=== Exercise aim ===
Read through the listing below and copy each line in which the word "Cleaner" occurs.
Segment Open
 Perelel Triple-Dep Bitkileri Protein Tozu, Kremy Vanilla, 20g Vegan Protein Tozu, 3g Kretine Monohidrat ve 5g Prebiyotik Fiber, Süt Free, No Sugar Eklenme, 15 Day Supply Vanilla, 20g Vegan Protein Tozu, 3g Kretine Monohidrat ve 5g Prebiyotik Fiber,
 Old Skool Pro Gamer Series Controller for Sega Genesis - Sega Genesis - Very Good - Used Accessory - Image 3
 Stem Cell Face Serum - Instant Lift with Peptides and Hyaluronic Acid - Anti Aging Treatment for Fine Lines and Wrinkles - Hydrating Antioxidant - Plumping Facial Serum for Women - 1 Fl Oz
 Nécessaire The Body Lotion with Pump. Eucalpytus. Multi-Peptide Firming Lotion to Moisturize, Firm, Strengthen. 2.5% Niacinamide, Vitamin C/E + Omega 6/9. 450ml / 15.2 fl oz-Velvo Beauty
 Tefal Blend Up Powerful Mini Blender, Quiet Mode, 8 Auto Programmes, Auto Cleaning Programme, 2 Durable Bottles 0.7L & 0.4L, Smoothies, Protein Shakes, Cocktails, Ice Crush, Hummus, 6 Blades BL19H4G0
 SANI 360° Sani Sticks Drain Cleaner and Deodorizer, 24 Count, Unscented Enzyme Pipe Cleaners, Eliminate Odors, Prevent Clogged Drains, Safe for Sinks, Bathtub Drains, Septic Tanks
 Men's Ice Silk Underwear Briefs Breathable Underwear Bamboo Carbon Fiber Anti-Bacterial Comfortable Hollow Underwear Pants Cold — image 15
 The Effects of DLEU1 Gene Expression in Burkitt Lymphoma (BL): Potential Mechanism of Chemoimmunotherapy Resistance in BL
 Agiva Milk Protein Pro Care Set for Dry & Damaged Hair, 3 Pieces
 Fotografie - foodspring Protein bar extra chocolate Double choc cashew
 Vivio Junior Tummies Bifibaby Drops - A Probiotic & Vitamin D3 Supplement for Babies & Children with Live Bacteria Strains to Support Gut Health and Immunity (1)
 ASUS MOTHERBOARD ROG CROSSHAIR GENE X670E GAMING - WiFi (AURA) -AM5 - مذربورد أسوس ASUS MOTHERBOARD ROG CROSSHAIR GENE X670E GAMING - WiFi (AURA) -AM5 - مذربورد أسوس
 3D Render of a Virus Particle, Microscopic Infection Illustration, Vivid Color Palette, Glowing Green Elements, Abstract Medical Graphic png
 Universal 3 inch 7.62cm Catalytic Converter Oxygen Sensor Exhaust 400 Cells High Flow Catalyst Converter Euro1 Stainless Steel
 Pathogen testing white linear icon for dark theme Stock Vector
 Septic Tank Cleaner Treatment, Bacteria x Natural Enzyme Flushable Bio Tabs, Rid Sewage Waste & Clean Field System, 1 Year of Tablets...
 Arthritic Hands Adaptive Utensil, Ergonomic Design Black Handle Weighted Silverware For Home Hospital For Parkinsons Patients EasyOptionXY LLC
Segment Closed
=== Solution to the problem ===
 SANI 360° Sani Sticks Drain Cleaner and Deodorizer, 24 Count, Unscented Enzyme Pipe Cleaners, Eliminate Odors, Prevent Clogged Drains, Safe for Sinks, Bathtub Drains, Septic Tanks
 Septic Tank Cleaner Treatment, Bacteria x Natural Enzyme Flushable Bio Tabs, Rid Sewage Waste & Clean Field System, 1 Year of Tablets...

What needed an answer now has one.